The policy thinktank found the government-commissioned analysis, entitled Assessing the Impacts of the Red Imported Fire Ant, was unusual in that it was limited to a 15-year timeframe when most fire ant economics modelling is conducted over 20 to 30 years. It also ignored the $2.5bn a year in damage that fire ants will cause beyond 2035, the authors said.

“The key flaw is that it only looks at costs over 15 years,” the research director of the Australia Institute, Rod Campbell, said.

By changing the timeframe to 20 years and keeping all other parameters the same, the case for funding fire ant eradication efforts went from “marginal” to “compelling” because costs rise rapidly as the pest becomes more established.

“If you just extend their analysis for another five years you start capturing some of those benefits or avoided costs, then suddenly the economic case for investing in fire ant eradication goes from kind of marginal to absolutely compelling,” he said.

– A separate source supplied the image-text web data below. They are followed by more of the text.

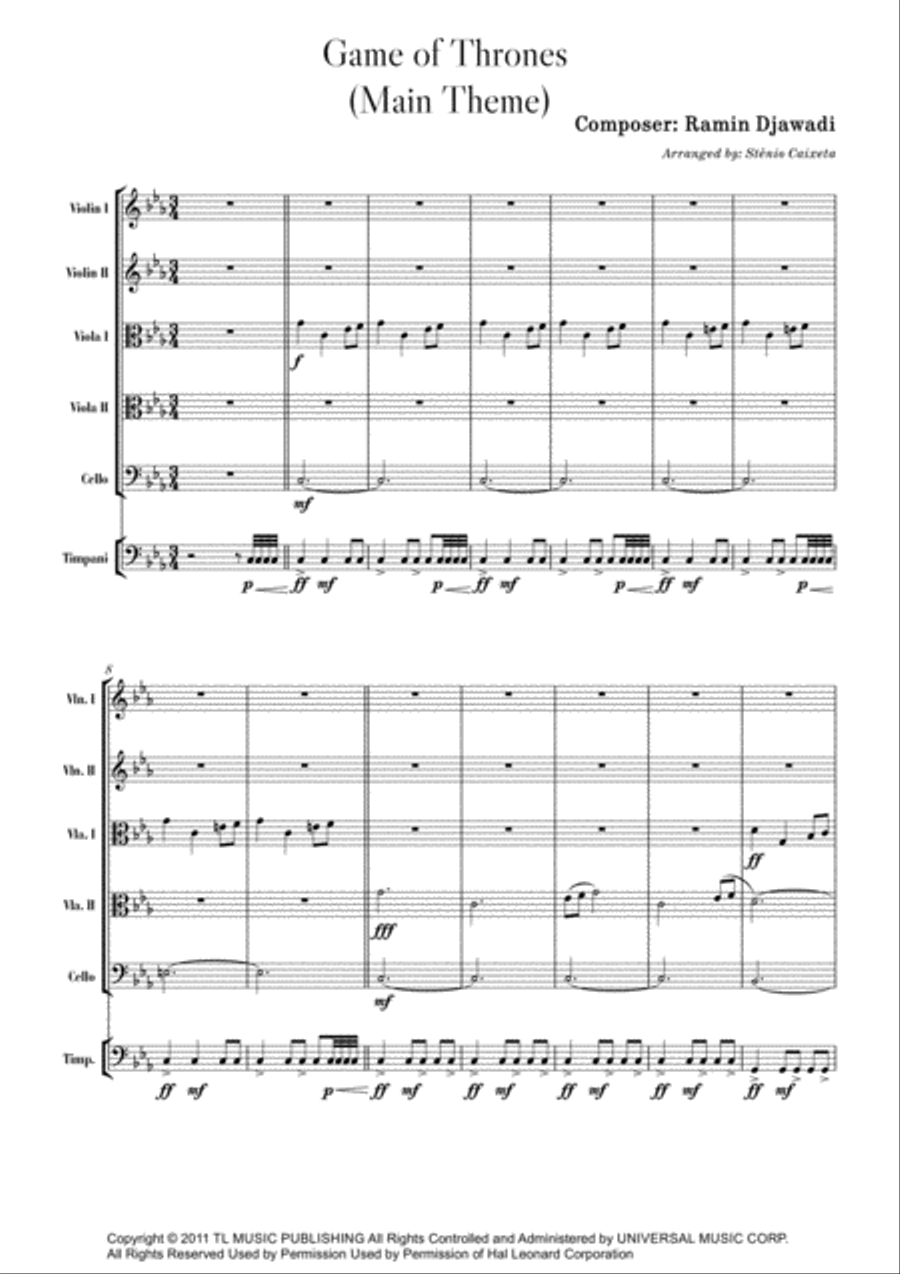Game Of Thrones String Quintet scores gallery preview page 4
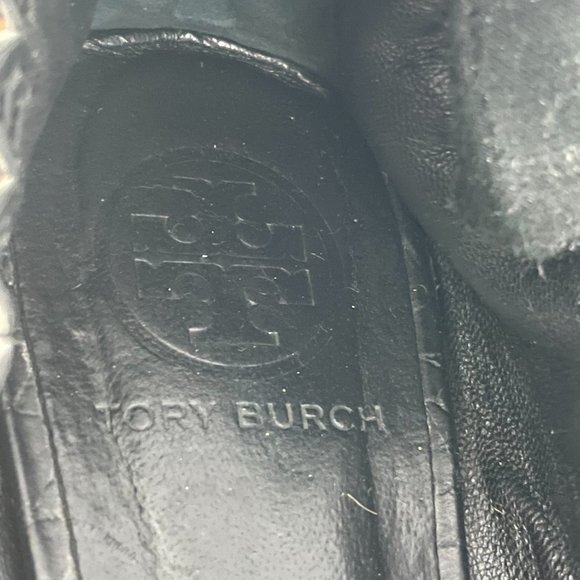 Tory Burch Black/Brown Abbey Ballerina Leather Leopard Slip-on Flats, 7M - Picture 9 of 11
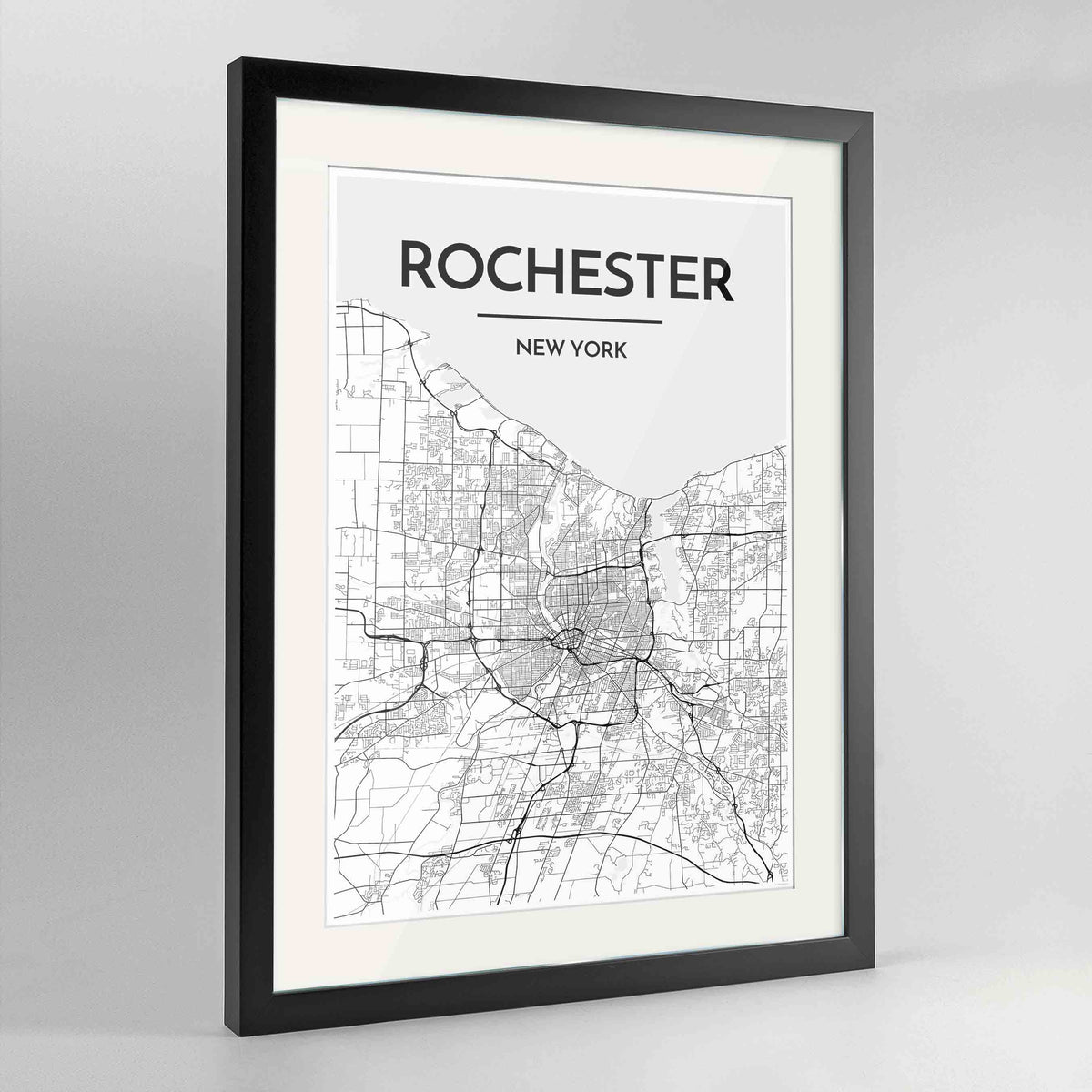 Framed Rochester Map Art Print 24x36&quot; Contemporary Black frame Point Two Design Group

The National Fire Ant Eradication Program spans state, territory and federal governments and has been allocated $593m federal and state funding from 2023 to 2027.

This is well below the $200m to $300m a year over 10 years that is necessary to “avert, by 2032, predicted annual impact and control costs of $2bn, and up to 140,000 medical consultations”, as recommended in a separate strategic review.

Dr Minh Ngoc Le, post doctoral fellow at the Australia Institute, said that “eradicating fire ants is not only one of the best environmental policies governments could pursue, but also one of the best economic policies”.

The Biosecurity Queensland report stated that the 15-year timeframe was chosen “even though only a small proportion of total potential infestation would occur in this time period, so as to maintain relevance for current decision makers and budget allocations.”

A spokesperson from the National Fire Ant Eradication Program said it “has been very clear that the costs of living with fire ants far outweigh the cost of eradication.”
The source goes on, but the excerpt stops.